Dr. Mayo presented a great case of an atypical presentation of GPA in an elderly female with a history of breast cancer who presented with progressive, non-productive cough and nasal congestion despite abx courses, found to have a single cavitary lung lesion that ultimately showed granulomas in addition to +PR3-ANCA.

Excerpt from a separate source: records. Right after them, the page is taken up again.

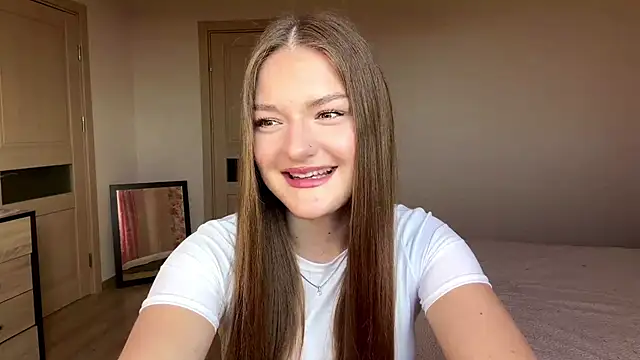 Snapshot of lizzzanatooo chatting on June 13, 2:59 pm lizzzanatooo online show from June 13, 2:59 pm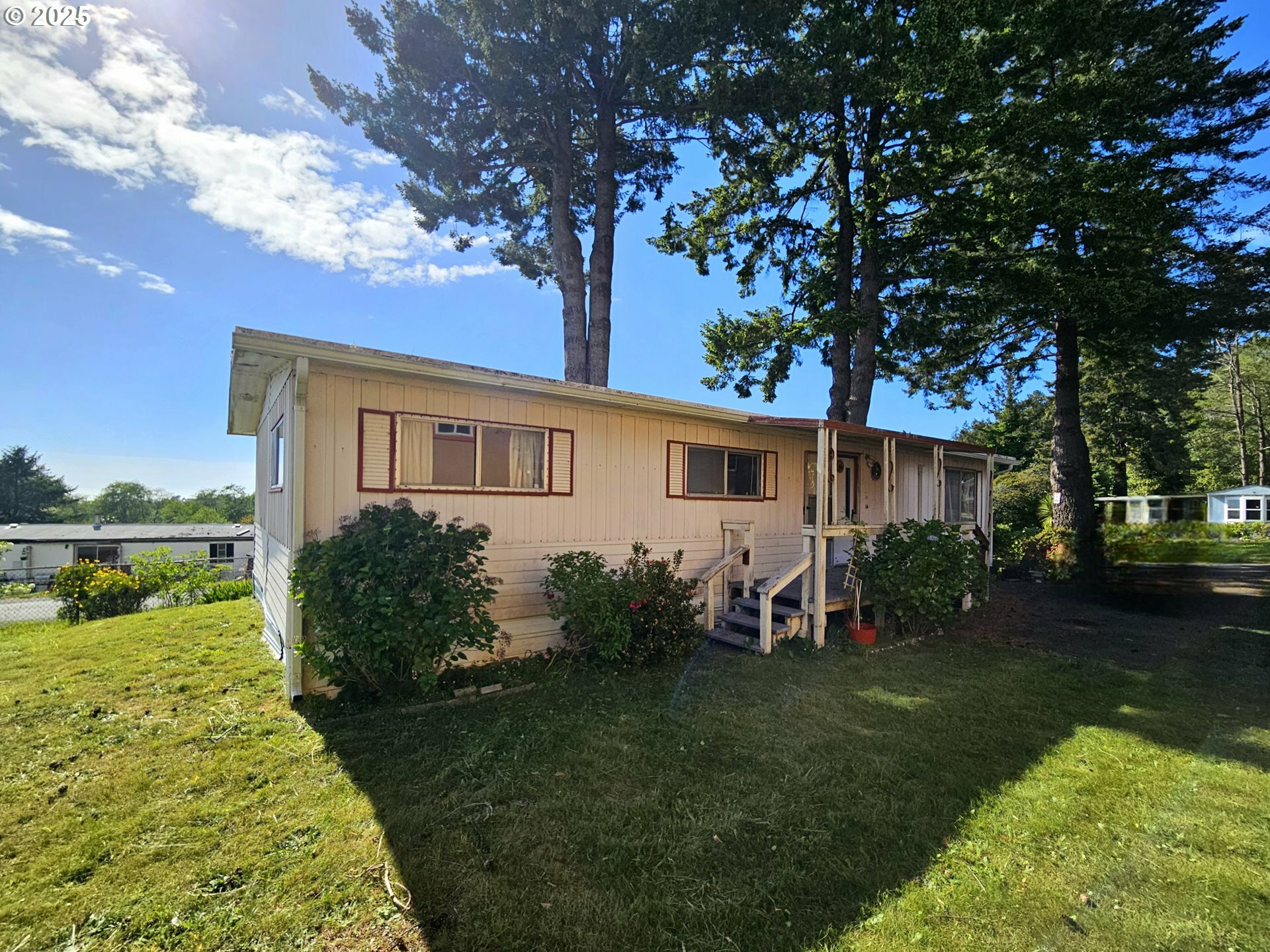 Property Photo:  16427 Vista Hills Dr 17  OR 97415 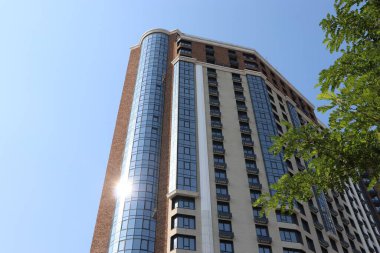 Arka planda Yüksek Binalar ve İnşaat Turnaları, Şehir Alanının İlerlemesi Konut Kompleksi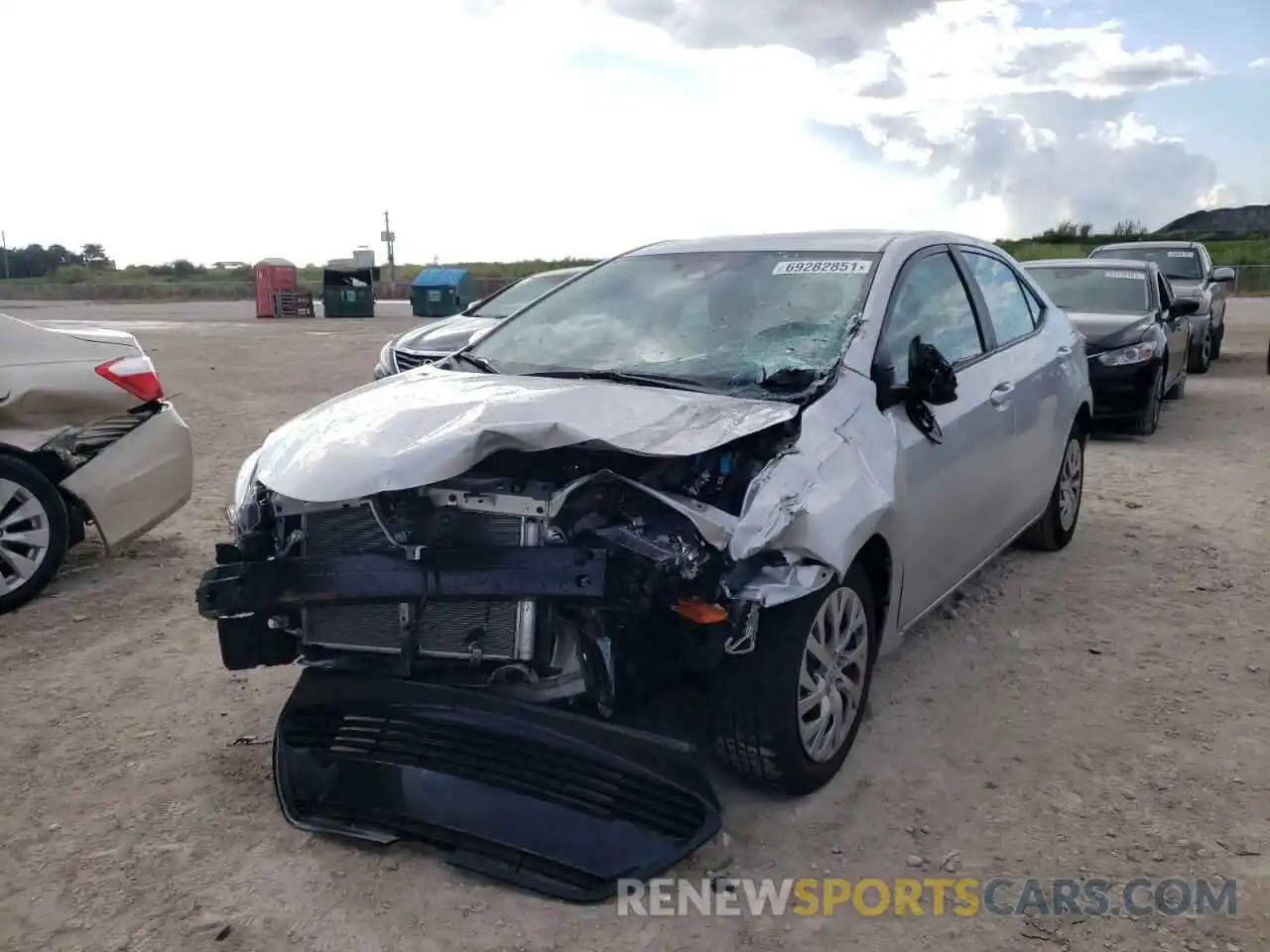 2 Photograph of a damaged car 2T1BURHE8KC162999 TOYOTA COROLLA 2019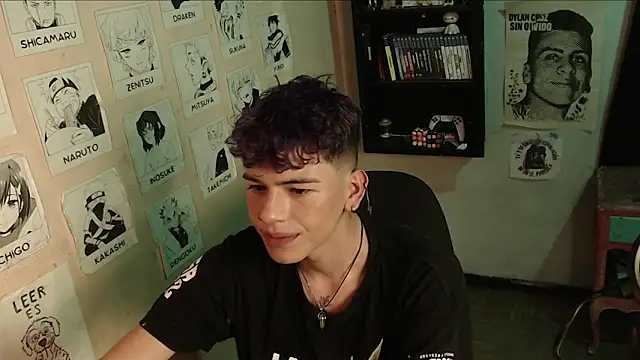 Snapshot of Mickey_Magic chatting on 25, 1, 2025 Mickey Magic online show from 25, 1, 2025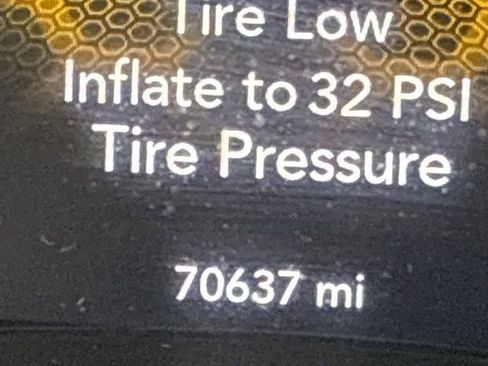 Used 2016 Dodge Charger SRT w/ Technology Group image 10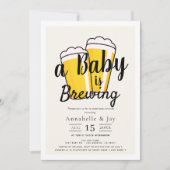 Een Baby brouwt bier gecodeerd Baby shower Kaart (Voorkant)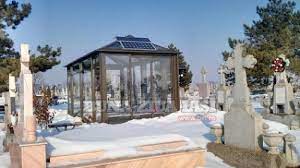 In ziua de craciun, in jurul orei 16,00. Cavou Ecologic Cu Panouri Solare Intr Un Cimitir Iesean Ecomagazin Ro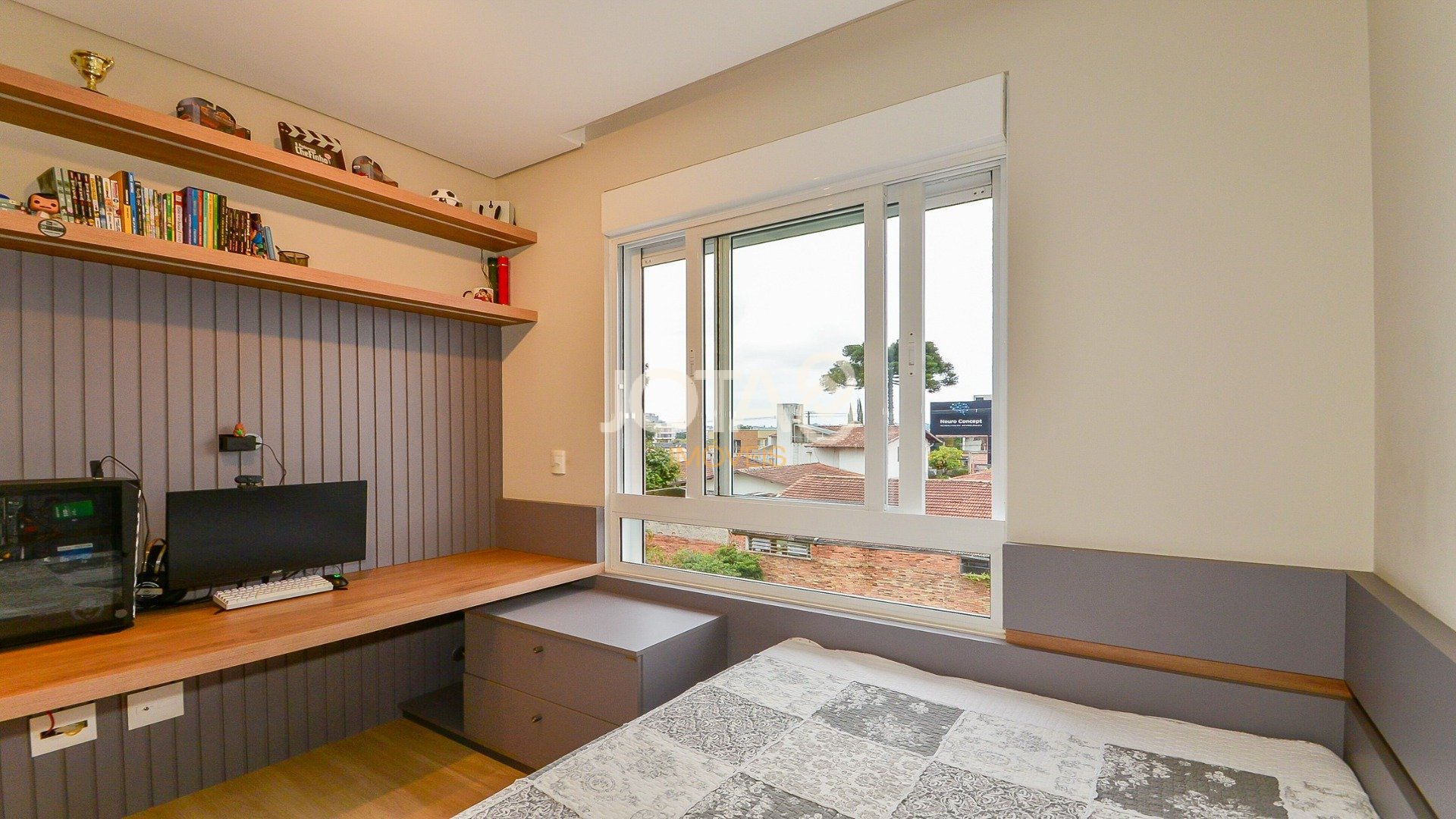 APARTAMENTO 3 SUÍTES E 3 VAGAS - PORTEIRA FECHADA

We reviewed the ddx of cavitary lung lesions, especially given our patient had an extensive travel history and personal history of breast cancer. The differential includes:
- Infections (necrotizing infections with anaerobic or other bacteria, mycobacteria, fungi, parasites or septic pulmonary emboli)
- Non-infectious (PE with infarction, vasculitis, neoplasm, COP, sarcoid, rheumatoid nodules, among others)
Dr. Mayo presented information regarding the ACR guidelines for diagnosis of GPA (included below).
She additionally reviewed a 2005 RCT by de Groot et al published in Arthritis & Rheumatology comparing cyclophosphamide and methotrexate for induction and remission of ANCA-associated vasculitis without significant renal involvement. This study found that remission with methotrexate took about 2 months longer compared to cyclophosphamide. Additionally, methotrexate had higher relapse rates as well. However, it is still important to consider the potential risk/benefit profile of MTX vs CYC for each individual patient.